Raporda, çocukların acı, öfke, güçsüzlük hissettiği ve 'Kimse bizim bu dünyada var olmamızı istemiyor' düşüncesinde olduklarına dikkat çekildi. Kuruluş ayrıca çocukların, acil ve kesin bir ateşkes olmadan yaşamlarının düzelemeyeceğinin farkında olduklarını belirtti.
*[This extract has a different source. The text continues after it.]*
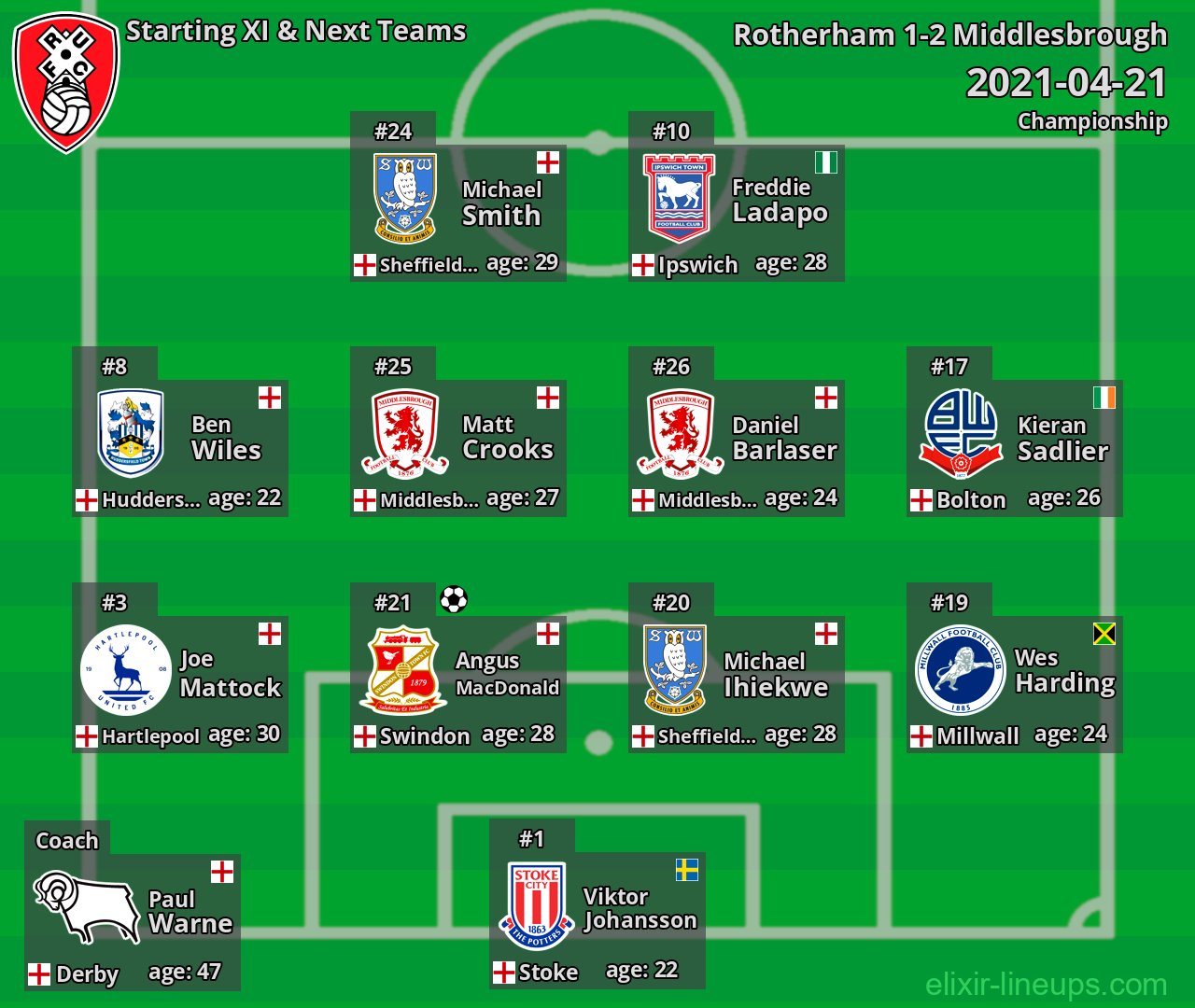 Rotherham Starting XI & Next Teams 2021-04-21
Raporda şu ifadeler yer aldı:
“Ağır saldılar sonucu hayatta kalan çocuklar ise iyileşme kabiliyetleri ciddi şekilde azalmış olarak, daha uzun süreli ve ağır zihinsel zararlarla yaşamına devam etmek zorunda kalacaktır. Çocukların hayatlarının yanı sıra gelecekleri de bu çatışmanın kabul edilemez bir maliyeti olacaktır. UNICEF, Gazze'deki 1,2 milyon çocuğun neredeyse tamamının ruh sağlığının bozulduğunu ve psikososyal desteğe (MHPSS) ihtiyaç duyduğunu tahmin etmektedir.”
“ÇOCUKLARI ZİHİNSEL VE FİZİKSEL ZARARLARDAN KORUYUN”
Save the Children, İsrail, Filistin ve uluslararası kamuoyuna acil ve kesin bir ateşkesin kabul edilmesi, insan hakları hukukuna saygı göstererek çocukları ve aileleri daha fazla zihinsel ve bedensel zarardan korumak için adımlar atılması için çağrıda bulundu.
Yapılan çağrıda, şu ifadeler yer aldı:
“Gazze üzerindeki kuşatma tümüyle sona erdirilmelidir. Çatışmanın tarafları için Uluslararası İnsancıl Hukuk yükümlülüklerine uygun olarak hem ticari hem de insani malların geçişine izin vermek üzere tüm geçişler açılmalıdır. Su, elektrik, iletişim, koruma, ruh sağlığı ve eğitim dahil olmak üzere halkın hayatta kalması için kritik öneme sahip hizmetler yeniden sağlanmalıdır.
Acil ve kesin bir ateşkes kabul edilmelidir. Çocuklar da dahil olmak üzere tüm rehineler koşulsuz olarak ve derhal serbest bırakılmalıdır.
Acil ve kesin bir ateşkes sağlamak için diplomatik ve siyasi baskı araçları da dahil olmak üzere mümkün olan her adım atılmalıdır. İhtiyaç duyulan insani yardım müdahalesinin büyük ölçekte gerçekleştirilebilmesi için güvenli ve sınırsız erişimi kolaylaştırmak üzere mümkün olan tüm adımlar atılmalıdır. İsrail Hükümeti ve Filistinli silahlı gruplara silah, ekipman ve mühimmat gönderilmesi ve satışı da dahil olmak üzere askeri yardımlar durdurulmalıdır.”